Probably not, I would have let him reverse his car off the lorry but would have charged him £270 to use the ramps.
dannyk, jno - you're correct of course.

but that wouldn't happen to be the legal definition of "causing an obstruction", which is all to do with not impeding the flow of traffic. he wasn't, so that criteria was inapplicable in this case.
There are far too many disabled spaces in car parks. I have yet to see anywhere near all of them being full in any car park I have been to, even when there were no spaces anywhere else. Same goes for baby and toddler spaces (by the way why are these spaces always near the door? If you have a child with you does that mean you have lost the ability to walk?)

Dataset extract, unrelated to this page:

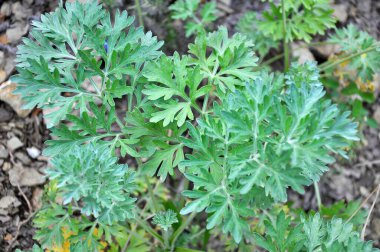 Acı pelin otu (Artemisia absinthium) vahşi doğada yetişir.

//If you have a child with you does that mean you have lost the ability to walk?//

this was explained on last night's thread - it's to do with the vulnerability of small children and their exposure to this risk of accident.
Poor things. Don't know how many of us older folk managed to survive.

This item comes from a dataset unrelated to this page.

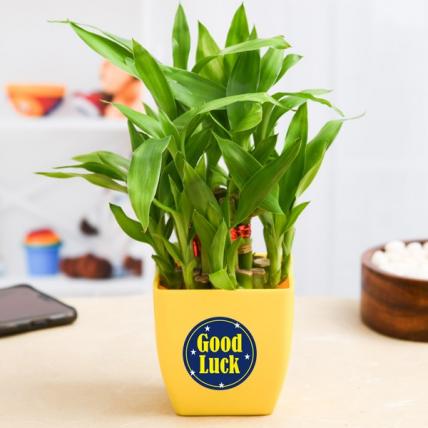 Send Propose Day Lucky Bamboo Plant Online, Price Rs.645 | FlowerAura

not sure about you NJ, but when I was young there weren't any out of town stores with car parks the size of an international airport (I can remember Sainsbury's being a marble countered high street general store).

so for "us older folk" the risk now being mitigated by provision of mother & baby parking simply didn't exist.
Older folk used the high street and there was hardly any cars back then :-)
Mushroom25. Obstruction is not always to do with traffic movement. You can cause an obstruction of pavements, entrances to premises Etc.
indeed danny. but isn't that also to do with impeding traffic, whether wheeled or footed?
Under Road Traffic Acts, yes, but we are talking about a private car park.
no we're not - this transgression took place on a side street in Birmingham city centre.
Then in that case he was guilty of obstruction.